18- Alttakiler Bayramınız Mübarek Olsun

4.6K 277 147
                                    

Knocked Up

Yazar: jjokkomi

Çeviri: Minnie Hyung

BÖLÜM 17

31 Ekim Salı, 9. Hafta.

Cadılar Bayramı, bir insan bu tatili nasıl tanımlardı? Kyungsoo'ya göre çok ufak olduğundan sonraki yıl için beleş şekerler toplamak için gecelere akmak anlamına geliyordu. Jongin'e göre el âlemin evine işemek için Sehun ve Taemin ile dışarı çıkmaktı.

Cadılar Bayramı bir kızın tamamen bir fışkı gibi giyinebileceği ve diğer hiçbir kızın buna gıkını bile çıkaramayacağı, yılda bir kere gelen gündü. Salondaki geniş ekranlı televizyonda oynayan Kötü Kızlar filmine göre tabii. Jongin biraz önce kendine yaptığı patlamış mısırı çiğnerken zaman zaman kıkırdıyordu.

O sabah okul en kibar şekliyle hadisesiz geçmişti. Hiçbir eşek şakası yapılmamış, kimse yangın alarmını çalıştırmamış ve kimse önceki yıllarda olduğu gibi koridorlardan rüzgâr gibi geçmemişti. Sungyeol'ün mirası son sınıflar geçen Haziran ayında mezun olduğunda rahmetli olmuştu. Yazık günahtı ya.

Hocaların çoğu şeker dağıtmış ve tatil gününün anlam ve önemini belirtmişlerdi. Kyungsoo'nun İngilizce öğretmeni onlara eğlence olsun diye Hokus Pokus'u izletmiş ve tarih öğretmeni de bir yığın eski batıl inançtan bahsetmişti. Ancak Bay Shin hayatını canlı bir kâbus yapmaya karar vermiş olacaktı ki ona ertesi güne Cadılar Bayramı temasına değecek beş sayfalık bir cebir ödevi vermişti.
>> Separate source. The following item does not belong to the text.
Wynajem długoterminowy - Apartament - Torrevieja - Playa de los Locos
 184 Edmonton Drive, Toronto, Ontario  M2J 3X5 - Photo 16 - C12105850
Kyungsoo yaşlı adama kutsal suyu fırlatırsa adamın eriyip erimeyeceğini merak ediyordu. Bir ara denemeliydi.

Chanyeol ve Jongdae ile gidip beleş şeker topluyor olması gerekirken o burada oturmuş, Cadılar Bayramı ile kâğıdın kenar boşluklarına yerleştirilmiş balkabaklarından başka bir ilgisi olmayan ödevin üçüncü sayfasını yapıyordu. Gerçekten biraz çikolata için de deliriyordu.
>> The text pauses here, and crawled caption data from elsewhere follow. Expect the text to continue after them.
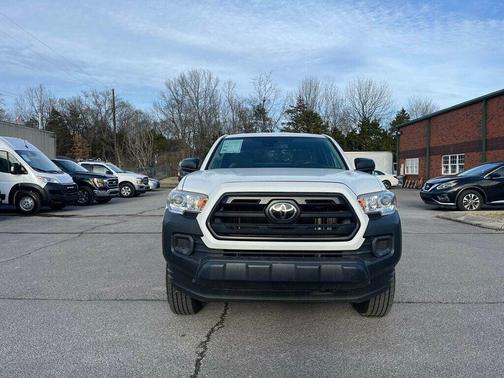 2019 Toyota Tacoma SR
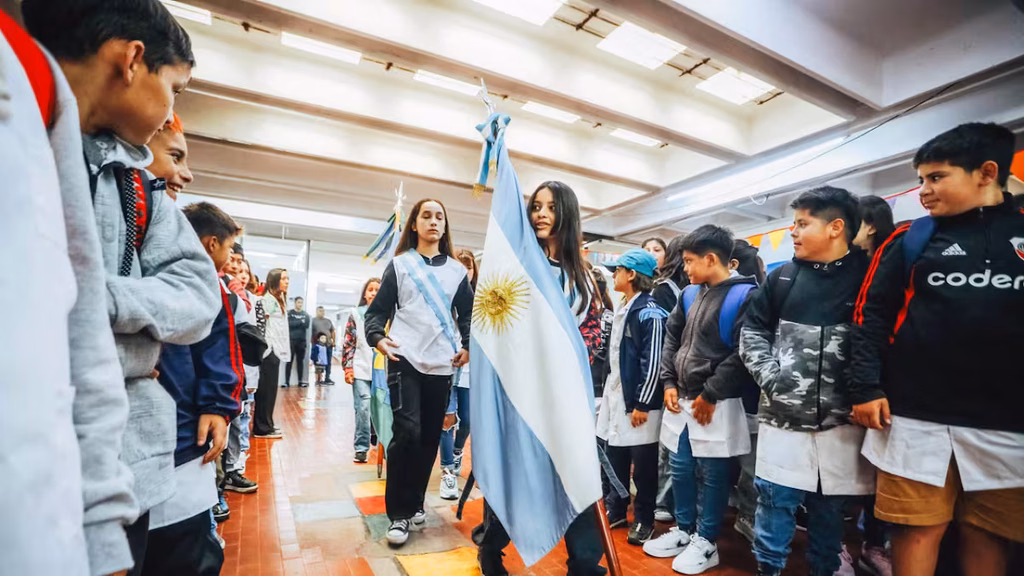 Las 100 mejores frases para dedicar en el Día del Estudiante este 21 de septiembre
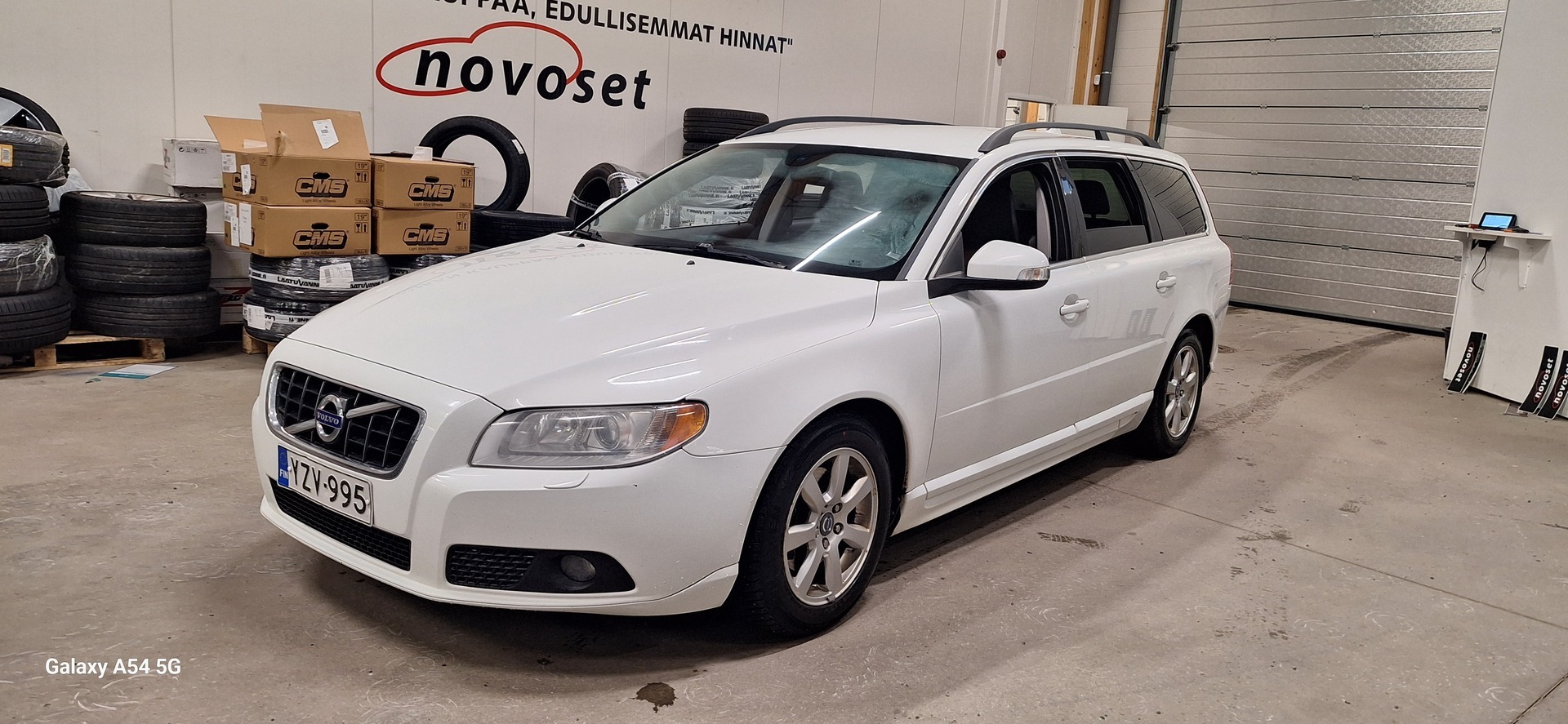 VOLVO V70 2011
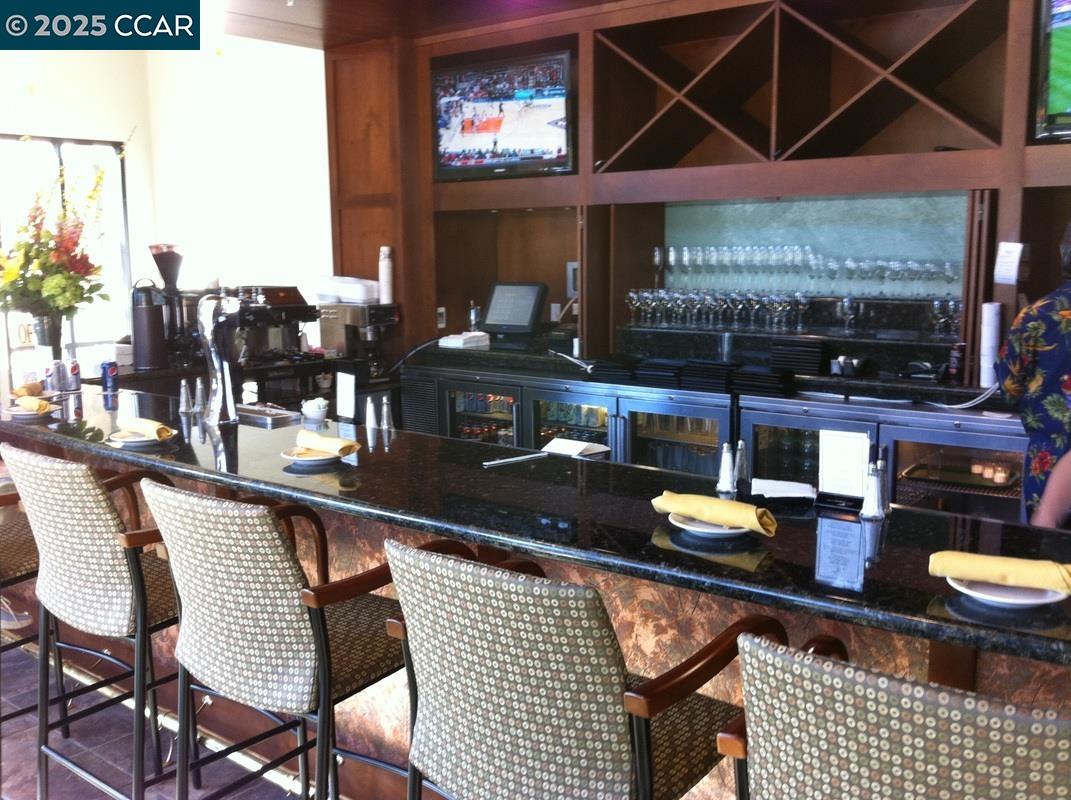 1501 Ptarmigan Dr # 2A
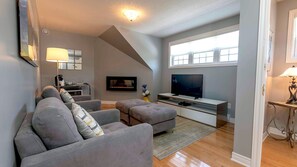 Classic Room, Garden View | Living area - Lantern Hill & Hollow (Ingonish Beach)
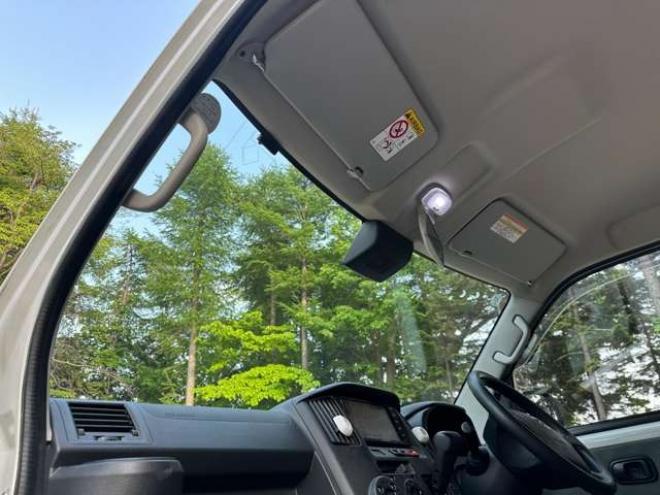 タウンエースバン1.5 GL 4WD　ワンセグ/ナビ/ETC/衝突安全ブレーキ 1500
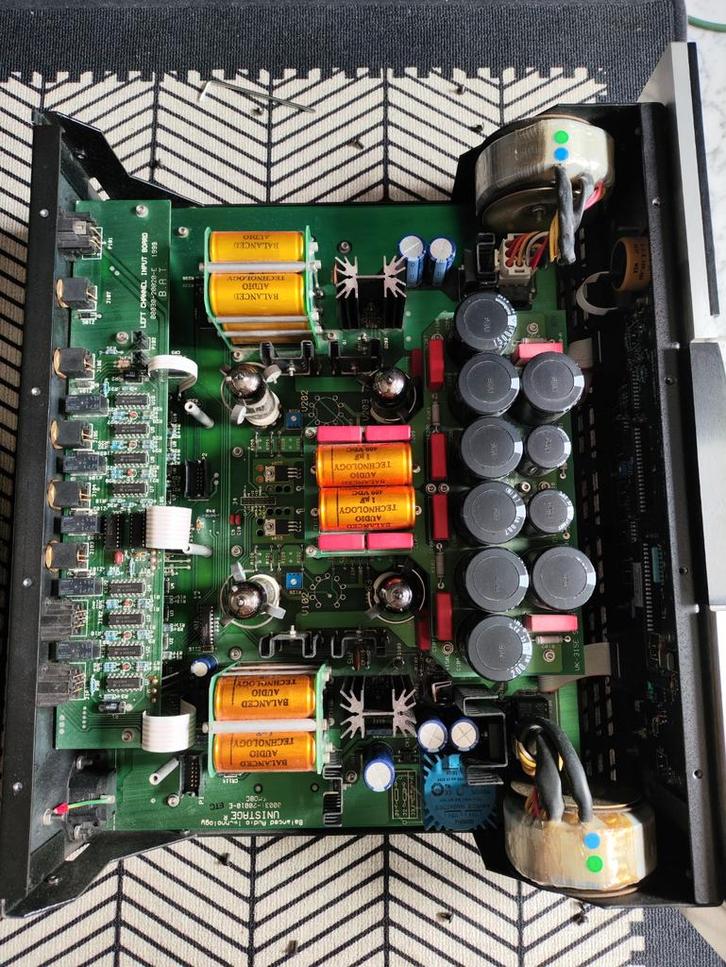 BAT VK-31SE Voorversterker - Topklasse!, Audio, Tv en Foto, Versterkers en Receivers, Gebruikt, Stereo, 120 watt of meer, Overige merken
Jongdae, vampir kostümü giyen Chanyeol ile gitmeden önce Azrail gibi giyinirken bunun tamamen saçmalık olduğunu söyleyerek ödevi yapmamayı tercih etmişti. Bu yüzden Kyungsoo, düz ekrandaki gay adam Christina Aguilera şarkısı söylediğinde Jongin yanında pis pis kahkaha atarken her şeyi kendi başına yapmak zorundaydı.

"Daha yüksek sesle gülebilir misin acaba?" İğneleyerek sordu.
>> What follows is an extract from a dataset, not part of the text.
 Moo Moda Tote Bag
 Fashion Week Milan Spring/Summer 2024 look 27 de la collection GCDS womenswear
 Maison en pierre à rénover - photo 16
Açtı, rahatsız olmuştu, cidden bir şeyler yiyip uyumak istiyordu ama saat daha sadece altı buçuktu ve kılçıksız on beş dakikadan uzun süredir aynı problemi çözmeye uğraşıyordu. Jongin'in kahkaha atarken dizlerini döverek etrafta yuvarlanması da konsantrasyonuna yardımcı olmuyordu.

"Pardon." Jongin sessizce mırıldandı.

Filmin sesini biraz kısıp patlamış mısır kabını önündeki kahve sehpasına bıraktı.

Saat on olup gitmek zorunda kalıncaya kadar Kyungsoo ile birbirlerine sokulup korku filmi izlemelerini umuyordu ancak büyük olan ödevini yapıp yellozluk ediyordu. Bazen sinirlenip kendi kendine bir şeyler söylüyordu.

Mısırın nasıl ağır koktuğu, Jongin'in nasıl gürültüyle çiğnediği ve az önceki gibi fazla sesli güldüğü gibi şeyler.

Kyungsoo'nun evine gelmeye karar vererek annesine Sehun ve Taemin ile olduğuna dair yalan söylemişti. Normalde hep beraber 'şeker ver lan tırrek' merasimine giderlerdi ama bu sene Kyungsoo ile vakit geçirmek istemişti. Bu yüzden annesine yalan söylemişti ve daha sonrasında bu konuda kendisine hesap sormamasını umuyordu. Sehun yalanına destek olmak için ona fazladan bir torba şeker topluyordu.